What you need to do
Your answer should be only the lines below from the one with "If you're interested" to the one with "Stand with the", repeated exactly, ends included.

[Material for this task Boundary: Start]

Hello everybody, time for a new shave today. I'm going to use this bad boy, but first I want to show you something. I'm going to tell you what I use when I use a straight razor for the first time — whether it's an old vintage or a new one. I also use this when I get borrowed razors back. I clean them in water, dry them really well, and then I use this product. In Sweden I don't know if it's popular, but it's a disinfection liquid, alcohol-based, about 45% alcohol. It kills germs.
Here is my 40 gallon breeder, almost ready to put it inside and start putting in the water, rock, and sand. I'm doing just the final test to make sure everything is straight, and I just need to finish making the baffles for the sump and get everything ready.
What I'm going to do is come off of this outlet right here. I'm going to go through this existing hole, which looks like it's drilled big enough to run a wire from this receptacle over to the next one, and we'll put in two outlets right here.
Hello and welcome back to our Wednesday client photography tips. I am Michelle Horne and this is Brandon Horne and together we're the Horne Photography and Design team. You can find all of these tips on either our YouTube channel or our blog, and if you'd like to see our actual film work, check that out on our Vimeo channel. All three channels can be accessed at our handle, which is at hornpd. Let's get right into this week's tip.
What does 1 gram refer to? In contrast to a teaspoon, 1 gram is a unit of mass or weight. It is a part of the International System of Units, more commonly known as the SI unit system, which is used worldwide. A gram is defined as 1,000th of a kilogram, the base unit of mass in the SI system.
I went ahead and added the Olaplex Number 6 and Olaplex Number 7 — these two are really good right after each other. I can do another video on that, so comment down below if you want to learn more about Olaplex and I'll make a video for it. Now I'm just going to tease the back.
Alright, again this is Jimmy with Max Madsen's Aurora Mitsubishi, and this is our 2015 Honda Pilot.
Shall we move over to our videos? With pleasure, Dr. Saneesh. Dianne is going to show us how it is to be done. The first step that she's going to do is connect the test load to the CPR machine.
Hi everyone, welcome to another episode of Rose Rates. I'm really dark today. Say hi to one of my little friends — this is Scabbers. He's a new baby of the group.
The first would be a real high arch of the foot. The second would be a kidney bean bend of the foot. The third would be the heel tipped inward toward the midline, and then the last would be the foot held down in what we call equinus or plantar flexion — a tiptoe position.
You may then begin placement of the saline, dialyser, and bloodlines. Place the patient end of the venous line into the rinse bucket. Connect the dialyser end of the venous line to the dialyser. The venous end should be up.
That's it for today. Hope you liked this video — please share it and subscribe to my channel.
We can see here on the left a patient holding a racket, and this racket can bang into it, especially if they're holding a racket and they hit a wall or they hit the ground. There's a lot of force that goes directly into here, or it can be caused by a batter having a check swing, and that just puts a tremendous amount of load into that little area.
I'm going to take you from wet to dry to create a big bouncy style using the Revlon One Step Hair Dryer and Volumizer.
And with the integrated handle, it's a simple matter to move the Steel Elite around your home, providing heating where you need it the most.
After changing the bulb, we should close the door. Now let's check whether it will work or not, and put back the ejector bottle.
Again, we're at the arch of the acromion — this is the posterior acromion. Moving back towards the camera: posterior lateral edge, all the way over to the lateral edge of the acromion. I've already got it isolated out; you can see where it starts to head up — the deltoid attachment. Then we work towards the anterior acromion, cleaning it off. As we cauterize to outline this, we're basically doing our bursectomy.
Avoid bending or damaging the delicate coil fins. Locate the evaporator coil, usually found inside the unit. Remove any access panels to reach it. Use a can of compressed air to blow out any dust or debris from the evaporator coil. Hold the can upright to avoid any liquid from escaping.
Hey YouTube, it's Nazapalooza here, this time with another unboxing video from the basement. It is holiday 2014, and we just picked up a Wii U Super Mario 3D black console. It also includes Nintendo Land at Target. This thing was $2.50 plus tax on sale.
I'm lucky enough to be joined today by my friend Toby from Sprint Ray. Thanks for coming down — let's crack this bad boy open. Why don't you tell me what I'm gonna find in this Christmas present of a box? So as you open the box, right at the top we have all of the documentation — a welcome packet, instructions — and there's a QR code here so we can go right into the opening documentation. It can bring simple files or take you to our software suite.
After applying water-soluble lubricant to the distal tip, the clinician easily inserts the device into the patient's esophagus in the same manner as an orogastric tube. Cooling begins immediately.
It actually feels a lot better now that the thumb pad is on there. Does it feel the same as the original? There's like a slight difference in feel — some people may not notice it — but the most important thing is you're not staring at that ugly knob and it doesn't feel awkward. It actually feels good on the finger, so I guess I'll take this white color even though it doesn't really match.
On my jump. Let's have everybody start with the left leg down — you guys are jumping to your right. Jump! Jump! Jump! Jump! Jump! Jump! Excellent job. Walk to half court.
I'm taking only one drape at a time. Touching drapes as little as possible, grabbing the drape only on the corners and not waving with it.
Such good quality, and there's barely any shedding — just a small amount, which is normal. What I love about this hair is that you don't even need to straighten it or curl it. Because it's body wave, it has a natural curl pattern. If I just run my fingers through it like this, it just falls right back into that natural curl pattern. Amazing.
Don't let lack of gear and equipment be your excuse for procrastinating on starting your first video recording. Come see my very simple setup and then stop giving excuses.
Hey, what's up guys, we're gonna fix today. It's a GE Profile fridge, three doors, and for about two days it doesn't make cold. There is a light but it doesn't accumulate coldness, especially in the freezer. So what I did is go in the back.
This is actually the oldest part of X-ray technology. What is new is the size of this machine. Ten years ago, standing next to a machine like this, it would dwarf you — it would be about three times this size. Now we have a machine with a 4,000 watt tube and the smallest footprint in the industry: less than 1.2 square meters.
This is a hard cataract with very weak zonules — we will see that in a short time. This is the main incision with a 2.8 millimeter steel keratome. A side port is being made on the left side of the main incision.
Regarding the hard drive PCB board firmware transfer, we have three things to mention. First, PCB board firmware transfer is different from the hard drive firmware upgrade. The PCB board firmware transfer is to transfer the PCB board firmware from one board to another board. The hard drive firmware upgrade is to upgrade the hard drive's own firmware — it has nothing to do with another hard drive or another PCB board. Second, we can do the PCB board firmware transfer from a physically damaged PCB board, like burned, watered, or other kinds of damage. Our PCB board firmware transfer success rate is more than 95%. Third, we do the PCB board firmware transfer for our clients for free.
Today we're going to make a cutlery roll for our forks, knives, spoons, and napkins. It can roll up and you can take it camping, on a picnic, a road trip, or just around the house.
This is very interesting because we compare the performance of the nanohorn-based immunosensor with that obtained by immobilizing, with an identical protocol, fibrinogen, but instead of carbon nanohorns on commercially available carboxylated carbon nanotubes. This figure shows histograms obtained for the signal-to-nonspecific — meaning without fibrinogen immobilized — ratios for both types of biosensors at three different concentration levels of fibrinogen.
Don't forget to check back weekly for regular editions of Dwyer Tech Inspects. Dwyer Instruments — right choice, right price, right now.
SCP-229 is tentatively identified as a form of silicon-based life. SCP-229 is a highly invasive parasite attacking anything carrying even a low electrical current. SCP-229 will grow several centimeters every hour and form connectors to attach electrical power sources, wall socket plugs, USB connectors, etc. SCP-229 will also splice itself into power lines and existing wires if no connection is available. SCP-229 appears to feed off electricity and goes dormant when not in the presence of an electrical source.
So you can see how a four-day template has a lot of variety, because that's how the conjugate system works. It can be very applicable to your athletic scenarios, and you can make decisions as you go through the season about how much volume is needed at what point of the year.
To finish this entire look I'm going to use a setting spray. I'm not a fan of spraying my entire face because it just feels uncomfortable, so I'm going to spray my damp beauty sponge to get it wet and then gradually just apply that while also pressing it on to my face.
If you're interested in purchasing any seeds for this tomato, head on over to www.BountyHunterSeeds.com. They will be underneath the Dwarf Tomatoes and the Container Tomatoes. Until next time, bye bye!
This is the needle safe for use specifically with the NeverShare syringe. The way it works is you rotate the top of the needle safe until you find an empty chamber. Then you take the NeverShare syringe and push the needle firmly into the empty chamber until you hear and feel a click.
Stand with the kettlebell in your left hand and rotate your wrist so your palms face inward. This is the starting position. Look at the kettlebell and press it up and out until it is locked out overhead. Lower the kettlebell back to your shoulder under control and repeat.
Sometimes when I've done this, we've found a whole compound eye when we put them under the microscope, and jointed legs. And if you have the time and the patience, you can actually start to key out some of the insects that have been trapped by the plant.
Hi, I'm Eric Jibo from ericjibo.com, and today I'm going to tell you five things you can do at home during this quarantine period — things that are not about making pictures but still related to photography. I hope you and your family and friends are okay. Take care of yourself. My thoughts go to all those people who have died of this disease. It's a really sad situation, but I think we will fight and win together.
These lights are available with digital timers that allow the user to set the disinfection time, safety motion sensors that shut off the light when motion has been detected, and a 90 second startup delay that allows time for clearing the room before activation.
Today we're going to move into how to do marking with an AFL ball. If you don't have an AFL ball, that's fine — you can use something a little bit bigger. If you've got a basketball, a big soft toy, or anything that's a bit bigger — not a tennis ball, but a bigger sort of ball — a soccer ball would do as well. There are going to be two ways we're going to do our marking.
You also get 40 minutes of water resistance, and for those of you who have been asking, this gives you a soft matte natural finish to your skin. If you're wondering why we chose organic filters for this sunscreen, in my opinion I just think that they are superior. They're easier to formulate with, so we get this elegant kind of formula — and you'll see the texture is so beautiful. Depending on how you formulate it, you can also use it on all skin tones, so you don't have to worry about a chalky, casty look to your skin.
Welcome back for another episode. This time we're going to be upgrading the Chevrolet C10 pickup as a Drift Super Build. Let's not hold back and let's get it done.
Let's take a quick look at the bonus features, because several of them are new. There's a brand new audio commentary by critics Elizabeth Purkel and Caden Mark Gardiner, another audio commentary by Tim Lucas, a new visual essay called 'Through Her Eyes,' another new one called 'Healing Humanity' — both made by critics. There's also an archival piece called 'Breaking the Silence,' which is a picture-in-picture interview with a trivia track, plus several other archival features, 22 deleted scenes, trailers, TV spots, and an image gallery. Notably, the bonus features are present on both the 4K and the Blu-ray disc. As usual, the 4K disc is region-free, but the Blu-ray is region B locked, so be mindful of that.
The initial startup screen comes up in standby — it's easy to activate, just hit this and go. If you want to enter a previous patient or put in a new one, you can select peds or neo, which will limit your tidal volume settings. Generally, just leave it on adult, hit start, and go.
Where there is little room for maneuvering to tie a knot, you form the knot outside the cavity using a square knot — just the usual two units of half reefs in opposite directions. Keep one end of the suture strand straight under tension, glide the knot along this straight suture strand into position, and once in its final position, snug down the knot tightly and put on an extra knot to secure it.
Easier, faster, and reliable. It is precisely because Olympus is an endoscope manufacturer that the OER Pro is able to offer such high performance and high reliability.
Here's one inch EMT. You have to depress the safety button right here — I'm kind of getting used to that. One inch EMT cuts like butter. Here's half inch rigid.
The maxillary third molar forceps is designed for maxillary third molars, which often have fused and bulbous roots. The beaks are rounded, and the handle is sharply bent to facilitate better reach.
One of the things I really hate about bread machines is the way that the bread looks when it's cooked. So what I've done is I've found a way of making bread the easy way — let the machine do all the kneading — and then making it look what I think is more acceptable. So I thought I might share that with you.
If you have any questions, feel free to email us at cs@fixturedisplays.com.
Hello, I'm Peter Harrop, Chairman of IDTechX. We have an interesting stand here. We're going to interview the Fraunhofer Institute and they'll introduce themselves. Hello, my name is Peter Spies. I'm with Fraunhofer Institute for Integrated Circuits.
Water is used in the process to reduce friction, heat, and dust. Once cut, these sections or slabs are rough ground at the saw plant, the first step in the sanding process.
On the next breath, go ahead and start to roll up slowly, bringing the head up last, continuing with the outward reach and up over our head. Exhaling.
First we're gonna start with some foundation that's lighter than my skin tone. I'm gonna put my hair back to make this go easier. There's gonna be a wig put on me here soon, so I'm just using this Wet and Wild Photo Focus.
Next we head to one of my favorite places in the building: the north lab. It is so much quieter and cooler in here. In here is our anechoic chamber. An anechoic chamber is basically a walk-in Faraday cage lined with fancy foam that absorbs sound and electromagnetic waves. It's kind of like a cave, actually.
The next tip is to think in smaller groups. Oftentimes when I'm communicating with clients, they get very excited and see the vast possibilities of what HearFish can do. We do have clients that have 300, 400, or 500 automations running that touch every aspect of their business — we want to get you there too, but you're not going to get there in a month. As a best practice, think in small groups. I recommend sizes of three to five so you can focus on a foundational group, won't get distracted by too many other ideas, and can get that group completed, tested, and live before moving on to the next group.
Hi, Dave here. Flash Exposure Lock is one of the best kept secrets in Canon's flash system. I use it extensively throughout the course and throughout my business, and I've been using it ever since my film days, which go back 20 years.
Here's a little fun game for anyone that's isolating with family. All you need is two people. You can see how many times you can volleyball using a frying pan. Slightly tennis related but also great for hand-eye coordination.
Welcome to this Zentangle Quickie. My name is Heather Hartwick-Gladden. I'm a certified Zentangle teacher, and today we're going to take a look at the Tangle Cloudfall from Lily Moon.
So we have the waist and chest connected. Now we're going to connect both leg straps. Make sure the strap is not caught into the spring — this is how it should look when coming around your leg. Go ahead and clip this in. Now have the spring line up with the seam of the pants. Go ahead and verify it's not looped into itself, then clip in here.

[Material for this task Boundary: End]

Solution
If you're interested in purchasing any seeds for this tomato, head on over to www.BountyHunterSeeds.com. They will be underneath the Dwarf Tomatoes and the Container Tomatoes. Until next time, bye bye!
This is the needle safe for use specifically with the NeverShare syringe. The way it works is you rotate the top of the needle safe until you find an empty chamber. Then you take the NeverShare syringe and push the needle firmly into the empty chamber until you hear and feel a click.
Stand with the kettlebell in your left hand and rotate your wrist so your palms face inward. This is the starting position. Look at the kettlebell and press it up and out until it is locked out overhead. Lower the kettlebell back to your shoulder under control and repeat.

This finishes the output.